In terms of other natural resources on private land, many jurisdictions have regulations about vegetation protection so that felling of trees whose girth is above a certain circumference may be unlawful in certain circumstances. (See eg here.) Wildlife protection laws further circumscribe activity that can be undertaken on the basis that wildlife belongs to the State. In fact according to Mr Katter, boiling a billy on your own land is against the law and this kind of 'petty regulation' is what he seeks to overturn.
In addition to what actually constitutes the land itself, there are other types of regulation over the way in which the land is used. Perhaps the most familiar area of restriction on use of private land lies with building regulations and town planning constraints on land usage. Town planning laws might engender opposition in terms of their capacity to constrain opening up of land for development, or to protect sites deemed to have heritage value. In Cairns, where I live, this can be illustrated by the recent demolition of the Rex Theatre, ostensibly a protected site, and the Council's recent proposal to protect Cairns' hillslopes. Both issues attracted a lot of local attention on both sides: those in favour of conservation, and those against.
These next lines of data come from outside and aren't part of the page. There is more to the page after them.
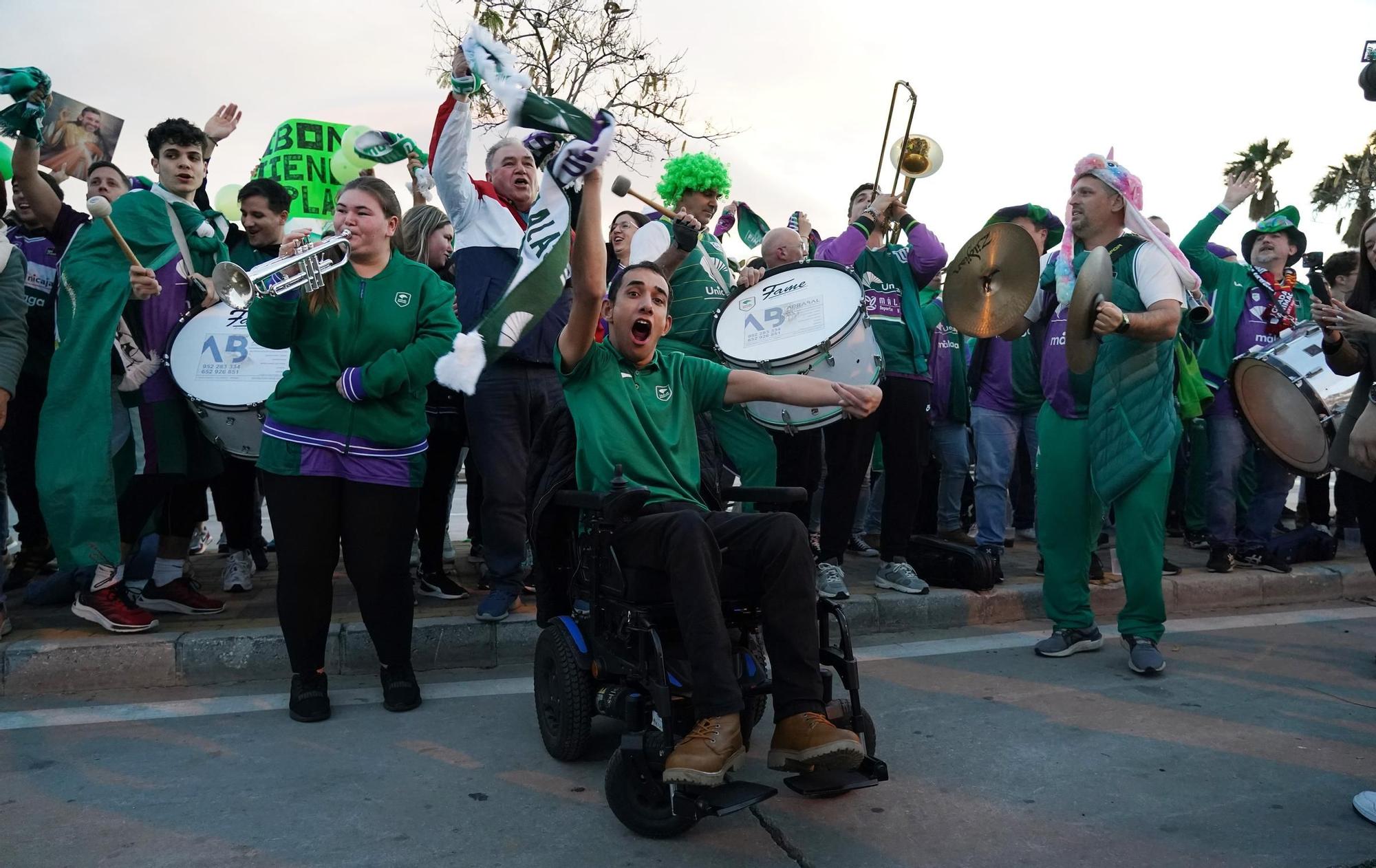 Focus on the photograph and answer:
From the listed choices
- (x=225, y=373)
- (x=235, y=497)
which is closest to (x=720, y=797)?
(x=225, y=373)

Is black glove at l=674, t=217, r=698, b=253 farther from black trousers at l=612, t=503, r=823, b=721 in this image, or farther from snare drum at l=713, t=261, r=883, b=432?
black trousers at l=612, t=503, r=823, b=721

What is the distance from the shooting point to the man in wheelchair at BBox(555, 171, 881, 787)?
9.17ft

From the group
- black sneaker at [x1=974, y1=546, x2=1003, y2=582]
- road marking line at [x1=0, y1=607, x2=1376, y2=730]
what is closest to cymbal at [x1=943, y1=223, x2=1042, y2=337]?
black sneaker at [x1=974, y1=546, x2=1003, y2=582]

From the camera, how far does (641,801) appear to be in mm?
2893

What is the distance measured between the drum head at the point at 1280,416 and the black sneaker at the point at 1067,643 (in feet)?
5.12

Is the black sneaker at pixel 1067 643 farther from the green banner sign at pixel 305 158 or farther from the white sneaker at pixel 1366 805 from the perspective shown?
the green banner sign at pixel 305 158

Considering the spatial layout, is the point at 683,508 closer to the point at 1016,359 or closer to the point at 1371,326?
the point at 1371,326

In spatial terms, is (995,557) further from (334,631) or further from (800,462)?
(334,631)

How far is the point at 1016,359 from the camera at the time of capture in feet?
21.6

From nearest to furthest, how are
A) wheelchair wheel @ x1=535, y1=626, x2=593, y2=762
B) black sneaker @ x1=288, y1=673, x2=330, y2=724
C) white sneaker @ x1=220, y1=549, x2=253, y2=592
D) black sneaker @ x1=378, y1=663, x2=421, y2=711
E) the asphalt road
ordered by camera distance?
the asphalt road, wheelchair wheel @ x1=535, y1=626, x2=593, y2=762, black sneaker @ x1=288, y1=673, x2=330, y2=724, black sneaker @ x1=378, y1=663, x2=421, y2=711, white sneaker @ x1=220, y1=549, x2=253, y2=592

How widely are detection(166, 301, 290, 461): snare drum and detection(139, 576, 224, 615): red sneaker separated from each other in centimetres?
78

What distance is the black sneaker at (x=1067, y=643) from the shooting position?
4.91 metres

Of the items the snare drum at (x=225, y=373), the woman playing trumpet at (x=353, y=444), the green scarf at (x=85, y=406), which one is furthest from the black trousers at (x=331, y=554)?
the green scarf at (x=85, y=406)

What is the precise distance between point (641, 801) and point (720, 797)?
0.96 feet
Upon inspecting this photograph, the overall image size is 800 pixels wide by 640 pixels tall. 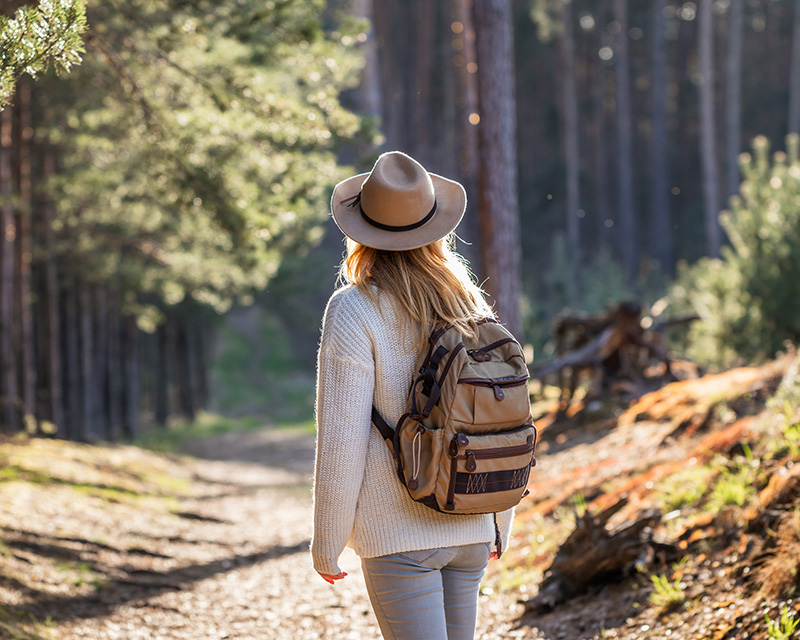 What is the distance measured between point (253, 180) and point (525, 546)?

So what is the justification for state interference with usage of private land? Does Bob Katter have a point? Should freehold land be subject to the will of the owner and accountable to no other regulation?
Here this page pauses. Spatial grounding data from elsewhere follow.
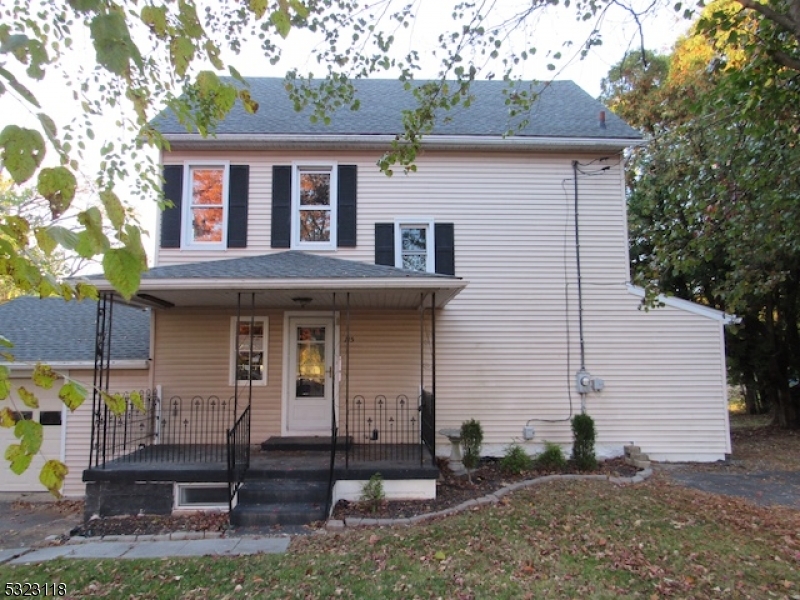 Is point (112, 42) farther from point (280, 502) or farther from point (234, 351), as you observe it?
point (234, 351)

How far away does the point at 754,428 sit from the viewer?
15008 mm

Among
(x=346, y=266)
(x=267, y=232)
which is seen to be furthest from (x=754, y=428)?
(x=267, y=232)

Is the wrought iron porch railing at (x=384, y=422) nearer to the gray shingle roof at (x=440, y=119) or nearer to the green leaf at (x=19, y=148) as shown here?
the gray shingle roof at (x=440, y=119)

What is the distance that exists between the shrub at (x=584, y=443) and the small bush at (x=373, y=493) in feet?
11.9

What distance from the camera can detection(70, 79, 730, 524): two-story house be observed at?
9375 mm

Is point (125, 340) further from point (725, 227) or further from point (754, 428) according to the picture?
Answer: point (754, 428)

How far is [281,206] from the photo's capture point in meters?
9.68

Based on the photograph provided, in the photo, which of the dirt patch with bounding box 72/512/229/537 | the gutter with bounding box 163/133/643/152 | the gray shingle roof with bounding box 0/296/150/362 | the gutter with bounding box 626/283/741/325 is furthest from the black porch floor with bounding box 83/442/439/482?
the gutter with bounding box 163/133/643/152

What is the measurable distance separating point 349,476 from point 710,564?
4.37 meters

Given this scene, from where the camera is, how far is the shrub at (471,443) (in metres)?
8.57

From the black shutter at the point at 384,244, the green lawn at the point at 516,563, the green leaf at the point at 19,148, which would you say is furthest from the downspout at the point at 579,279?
the green leaf at the point at 19,148

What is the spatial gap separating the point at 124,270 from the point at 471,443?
8.04 meters

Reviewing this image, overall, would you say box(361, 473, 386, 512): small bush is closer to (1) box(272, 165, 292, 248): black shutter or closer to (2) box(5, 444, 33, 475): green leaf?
(1) box(272, 165, 292, 248): black shutter

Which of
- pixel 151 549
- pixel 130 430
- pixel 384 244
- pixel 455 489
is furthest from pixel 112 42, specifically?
pixel 130 430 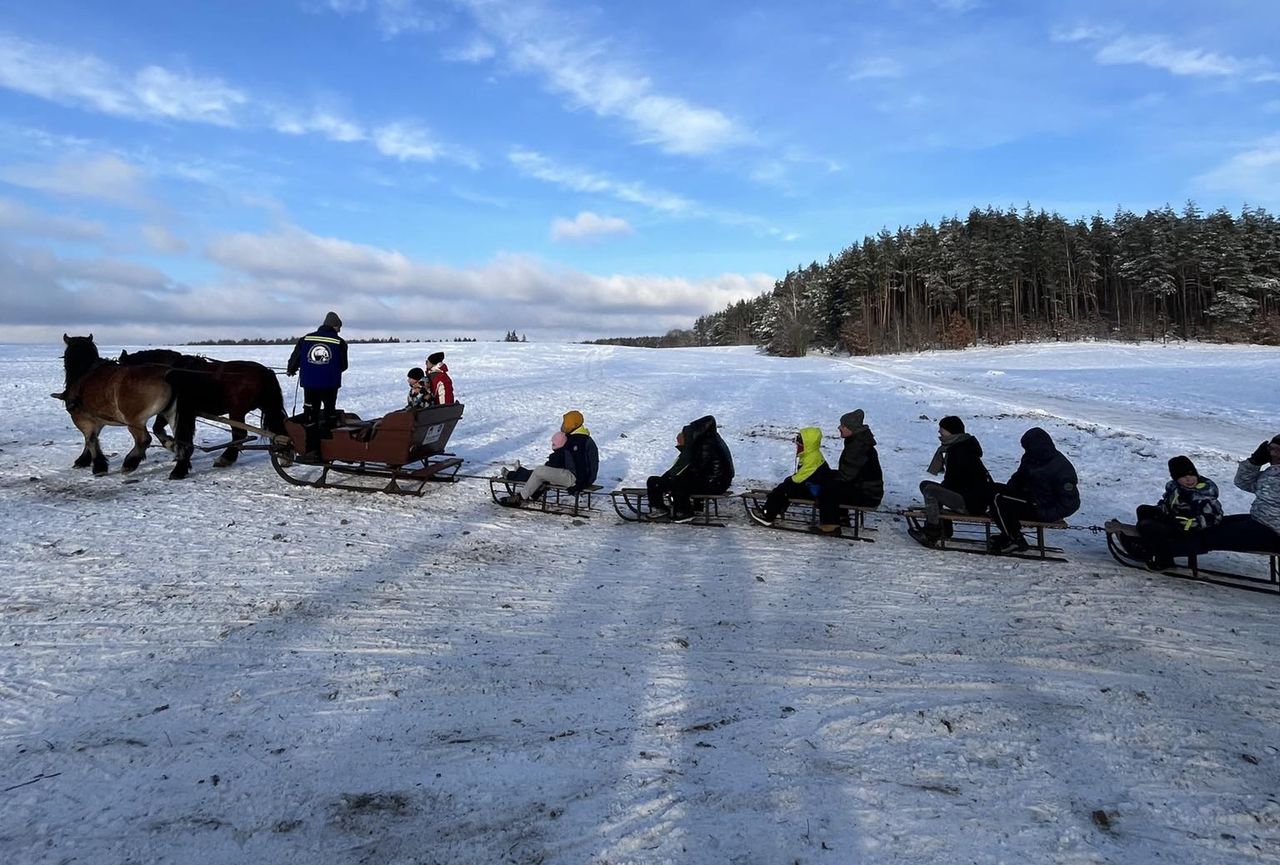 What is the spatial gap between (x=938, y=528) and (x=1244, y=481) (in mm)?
2713

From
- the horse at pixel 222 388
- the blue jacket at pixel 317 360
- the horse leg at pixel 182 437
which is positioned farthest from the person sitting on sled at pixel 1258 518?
the horse leg at pixel 182 437

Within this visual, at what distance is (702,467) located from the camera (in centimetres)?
819

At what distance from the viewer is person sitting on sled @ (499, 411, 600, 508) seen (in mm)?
8375

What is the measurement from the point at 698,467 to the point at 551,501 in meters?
2.33

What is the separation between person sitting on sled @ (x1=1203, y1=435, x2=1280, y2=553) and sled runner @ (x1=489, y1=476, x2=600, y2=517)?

While there are many ways to approach this issue, one may lie within the harm principle that forms part of a liberal approach to the law. Espoused by John Stewart Mill, an English philosopher, this principle amounts to the boundary of libertarian thought. It holds that 'the state or any other social body has no right to coerce or restrict the individual unless the individual causes harm to others.'
This principle is readily acceptable, I think, to both libertarians and those who believe in an active role for the state in regulating people's business and lives. The biggest dilemma lies, however, in working out what is the nature of a harm.
For example: some believe that the hillslopes of Cairns define the city and should be left undeveloped. On this basis, development of this land would constitute a harm to society through the loss of amenity from such development. Others however, see that development of the hillslopes represents damage to private enterprise: that there is no value in public amenity, but that the local economy will benefit from the opening up of this land for residential development. Mr Katter and indeed many other people believe that bats are dangerous and landowners should have the authority to cull them to protect humans while others see bats' value as part of the local ecology. In each case, each 'side' of this argument may subscribe to the harm principle as a legitimate validation of government interference, but each will disagree with the basis of deciding what is harm...
Liberalism, or libertarianism, does not in my view provide an answer to the conflicts inherent in the public/private divide implicit in contemporary land law because it just shifts the argument to working out what is the harm to be prevented. That is to say, working out where that 'harm' lies in terms of a balance between public and private interests will continue to be in conflict so long as we elevate the private and exclusive aspects of land ownership and control over a more holistic approach to our understanding of land.
Perhaps consideration outside of the individualist paradigm of private and exclusive ownership might give some clues to a re-thinking of the nature of private land ownership, and state regulation. It might free us from the rigidity of dominion, allowing us to think about a more connected existence with both our environment and our neighbours.